There are a number of proactive steps healthcare providers can take now to prepare for potential government enforcement activity:

  1. Incorporate Data Analysis into Audit and Compliance Programs
    • The DOJ and HHS-OIG are using increasingly “sophisticated data analytics” to identify trends and outliers and pursue healthcare fraud cases. The PRAC also recently formed a fraud task force that will use data analytics to support law enforcement investigations. Providers should incorporate data analytics into their own audit and compliance programs in an effort to proactively identify errors, monitor risk areas and address any potential misconduct.

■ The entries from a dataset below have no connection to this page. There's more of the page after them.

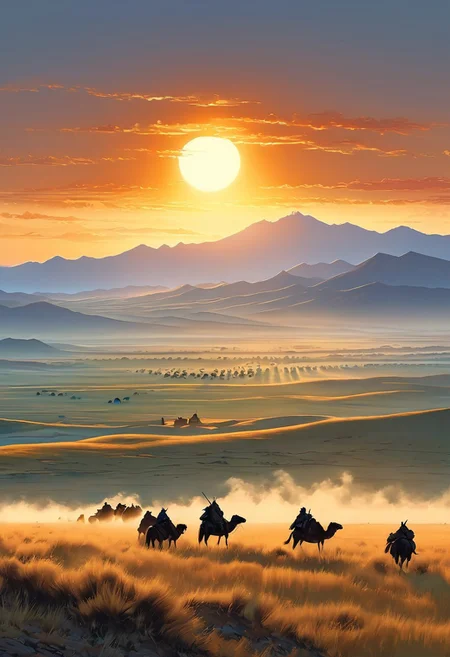 A captivating morning scene illustration featuring the steppes of Mongolia. This enchanting artwork captures a serene and peaceful early morning, where the sun is just starting to rise over the the steppes and fields of Mongolia, creating a cinematic experience back to the times when Mongolian armies rode across the land, 
 illustration, cinematic
<lora:DonM3t3rn1tyXL-v1.1:0.7>, DonM3t3rn1tyXL,
OverallDetailXL  <lora:MJ52:0.3>  <lora:SDXLFaeTastic2400:0.4>  <lora:EpicF4nta5yXL:0.7>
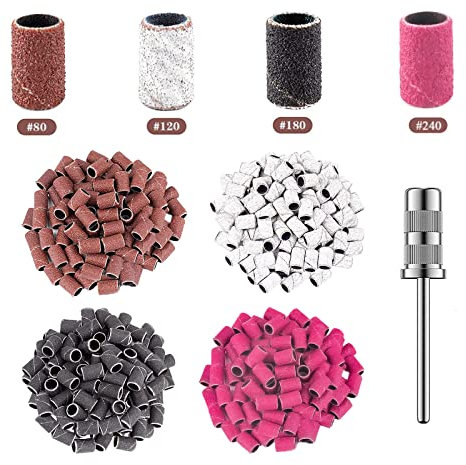 luckaide Schleifhülsen Nagelfräser, 100Stück Schleifhülsen, Schleifkappen Nagelfräser Aufsätze,Körnung 80/120/180/240 Schleifhülsen für Maniküre Pediküre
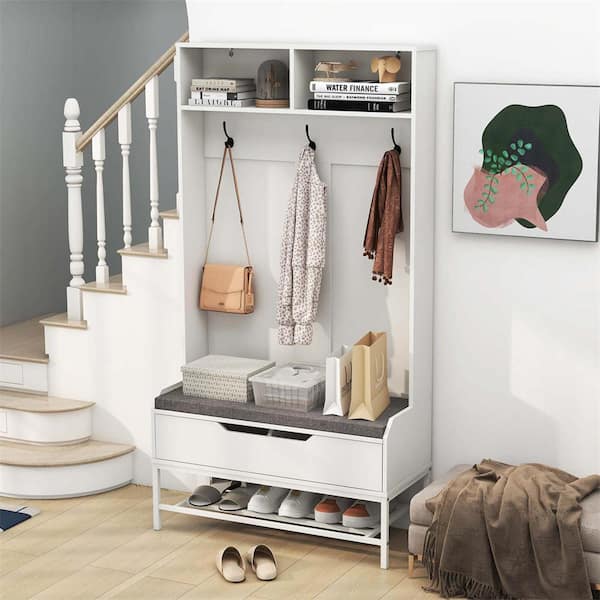 Costway White Hall Tree with Seat Cushion and Hidden Storage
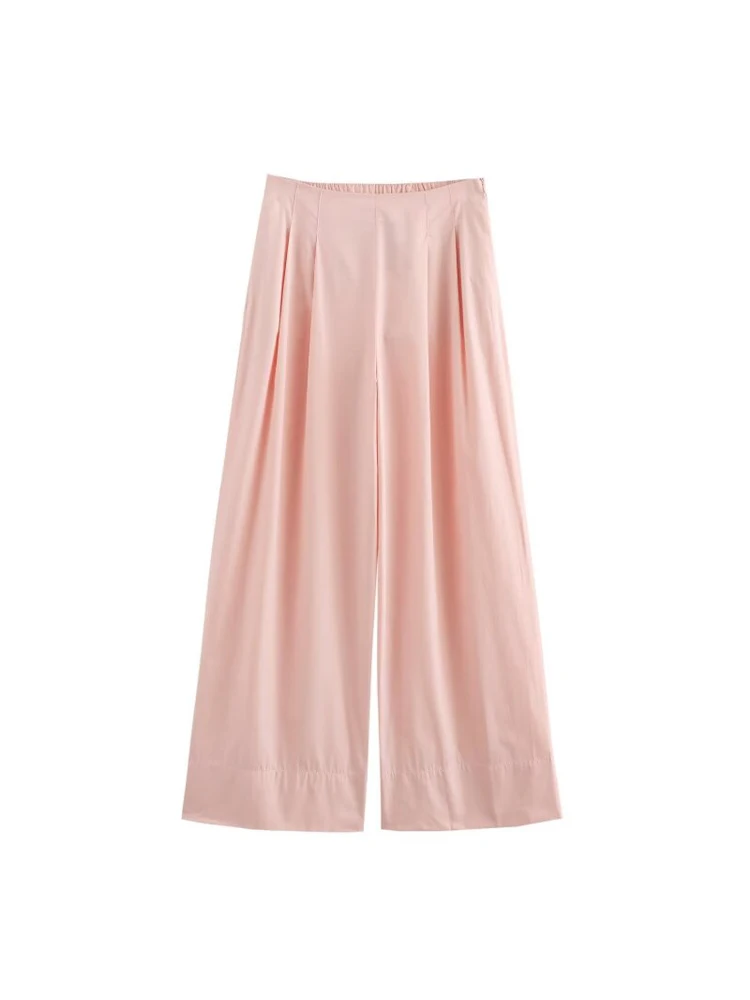 Women Summer Pleated Wide leg pants 2024 Fashion Solid Poplin Elastic waist Female Elegant Street Pant Trousers Clothing
Women Summer Pleated Wide leg pants 2024 Fashion Solid Poplin Elastic waist Female Elegant Street Pant Trousers Clothing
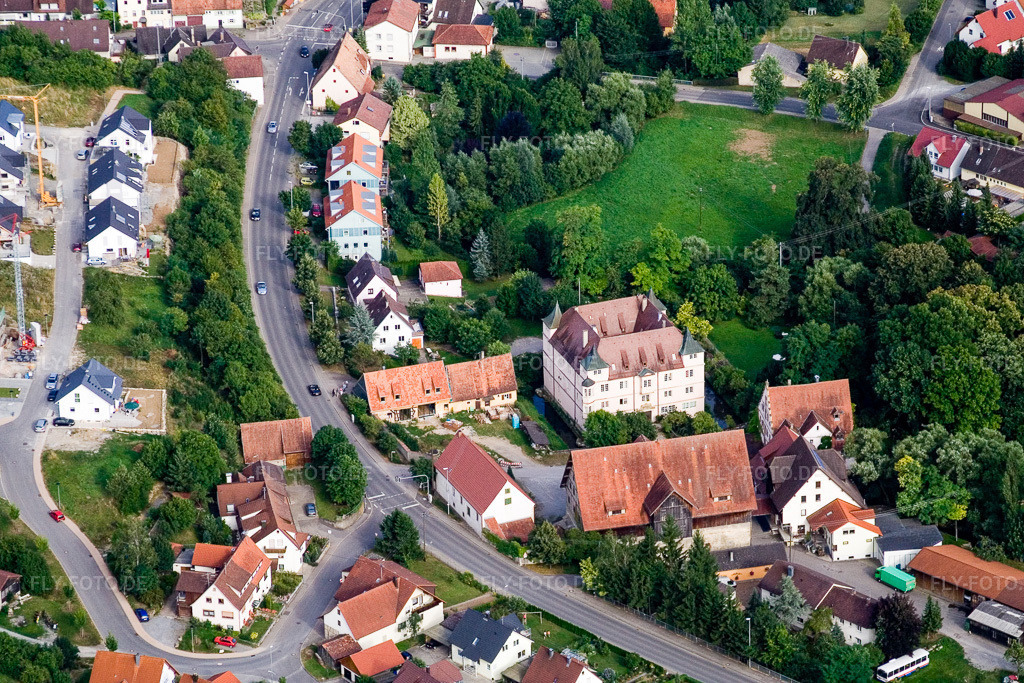 Luftbild: Wasserschloß im Ortsteil Poltringen in Ammerbuch im Bundesland Baden-Württemberg in Deutschland. Foto: IMG_12290.jpg vom 02.08.2008 durch Werner Riehm/FLY-FOTO.de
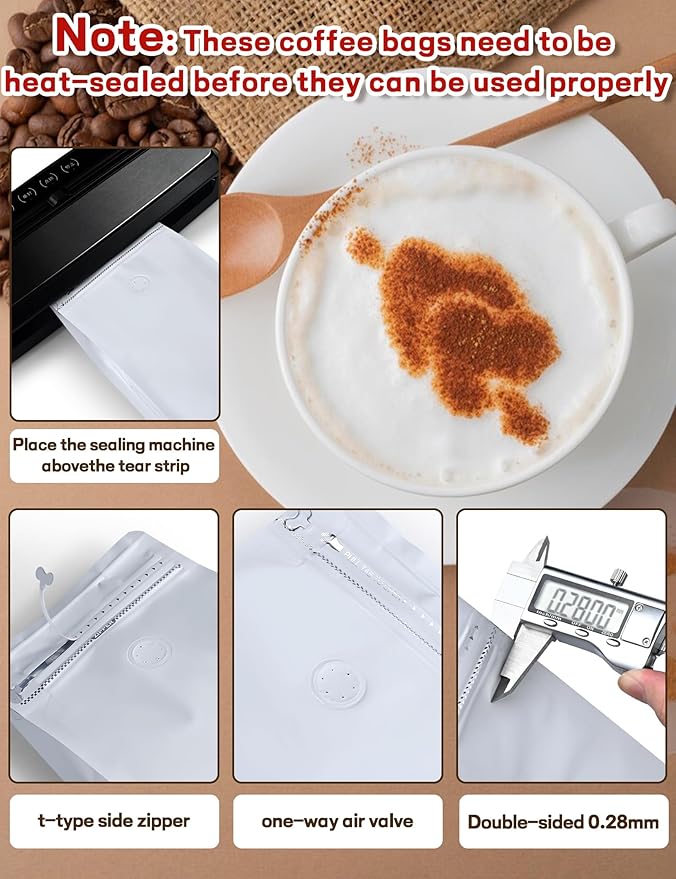 FireKylin 50 PCS Coffee Bags with Valve, (8 oz, 0.5 lb) Stand Up Pouches, Resealable Vented Food Storage Bags Side Zipper(White)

  2. Monitor Provider Relief Fund Guidance Updates and Evaluate Corresponding Compliance Infrastructure, Audit Readiness and Supporting Documentation
    • The Health Resources & Services Administration (HRSA) administers the Provider Relief Fund through the issuance of Frequently Asked Questions (FAQs) and other sub-regulatory guidance. The FAQs are the primary source of HRSA’s guidance to recipients on compliance with the Provider Relief Fund terms and conditions and are updated periodically. Recipients can reduce their enforcement risk by monitoring revisions to the FAQs and reporting guidance, assessing whether business changes may be appropriate and how to further document their good faith compliance efforts. While HRSA historically has not notified recipients of these updates, an easy way to stay ahead of the curve is to subscribe for free updates from McDermott+ Consulting and for updates from McDermott Will & Emery, subscribe here.

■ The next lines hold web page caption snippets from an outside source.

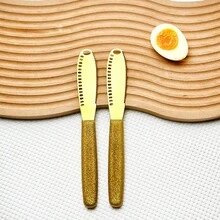 2pcs Stainless Steel Butter Knife Set, Cheese Slicer, Jam Spreader, Multi-Function Butter Grater And Spreader, Butter Scraper, Metal Can Spoon, Suitable For Cheese, Cold Butter, Jam, Cake Decoration, Pastry, Frosting, Kitchen Tools, Suitable For Home Kitchen, Restaurant, Bakery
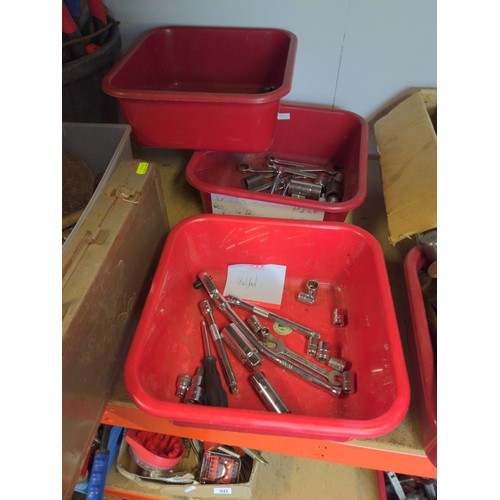 336 - 6 tubs & 1 small box of organised sockets & spanners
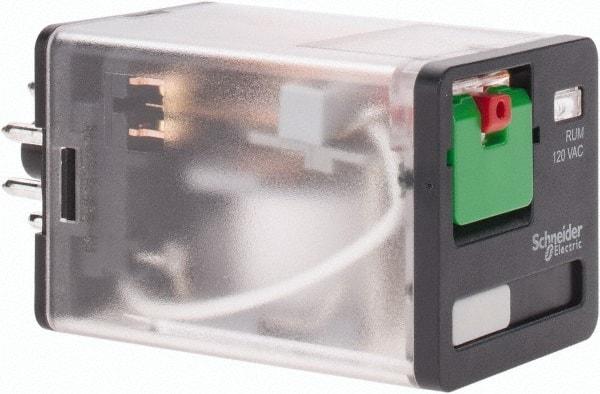 Schneider Electric - 3 at 60 Hz VA Power Rating, Octal Electromechanical Plug-in General Purpose Relay - 10 Amp at 277 VAC & 30 VDC, DPDT, 120 VAC, 35mm Wide x 56mm High x 35.4mm Deep - Industrial Tool & Supply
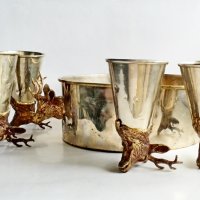 Античен сет чаши с еленска глава и купа от Бронз-Месинг за Хижари или Ловци, снимка 14 - Антикварни и старинни предмети - 38345626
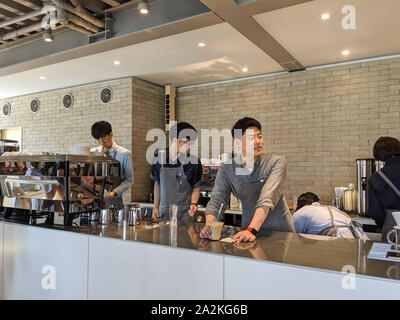 SEPT. 19, 2019-SEOUL, Corea del Sud : Bello Korean barista indossando grembiule grigio che serve caffè per servire i nostri clienti in un coffee shop in franchising a Seoul nella SOU Foto Stock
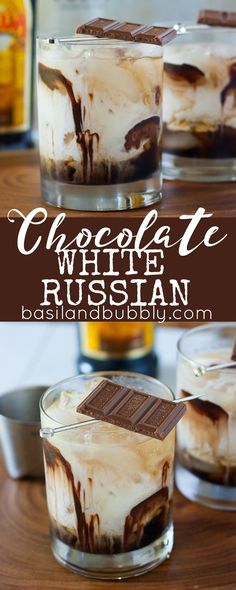 chocolate and white russian desserts in glass dishes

    • Providers should work with legal and financial advisors to evaluate how guidance changes may impact prior data submissions and their interpretations or other assumptions regarding eligibility and use of funds. In preparation for upcoming reports and audits, providers also should reevaluate the controls implemented over relief program funds and the scope of their documentation supporting permissible uses, calculations and eligibility. Consider bolstering documentation related to higher-risk areas (e.g., transactions and complex organizational structures) and evaluate whether disclosures may be warranted to demonstrate compliance and transparency and mitigate FCA risk.
  3. Assess Telehealth System for Risks
    • Improper marketing strategies (e.g., cold calls), illegitimate physician-patient relationships and improper bundling of services have all prompted telehealth enforcement. Regardless of the role you play in any telehealth system, look at the design of the system and conduct of other participants with the goal of reducing the risk of entanglement with unlawful actors. Providers should also review their existing telehealth relationships, contracts and marketing materials to ensure total transparency and compliance (both historic and prospective) with applicable state and federal anti-kickback statutes.
  4. Monitor Regulatory Changes on Telehealth
  5. Proactively Review Coding and Billing Practices
    • Providers should immediately review and revisit their coding and billing practices to determine whether their practices involved bundling COVID-19 testing claims with other claims or the use of emergency override billing codes. To the extent providers have engaged in such practices, they should confirm the propriety of their billing and coding practices with in-house or external counsel. There is a strong likelihood that the DOJ will be reviewing the claims data for any providers with statistically significant use of these billing and coding practices, particularly when the providers are located in geographical areas where the DOJ’s Healthcare Fraud Strike Force and HHS-OIG’s Medicare Fraud Strike Force operate.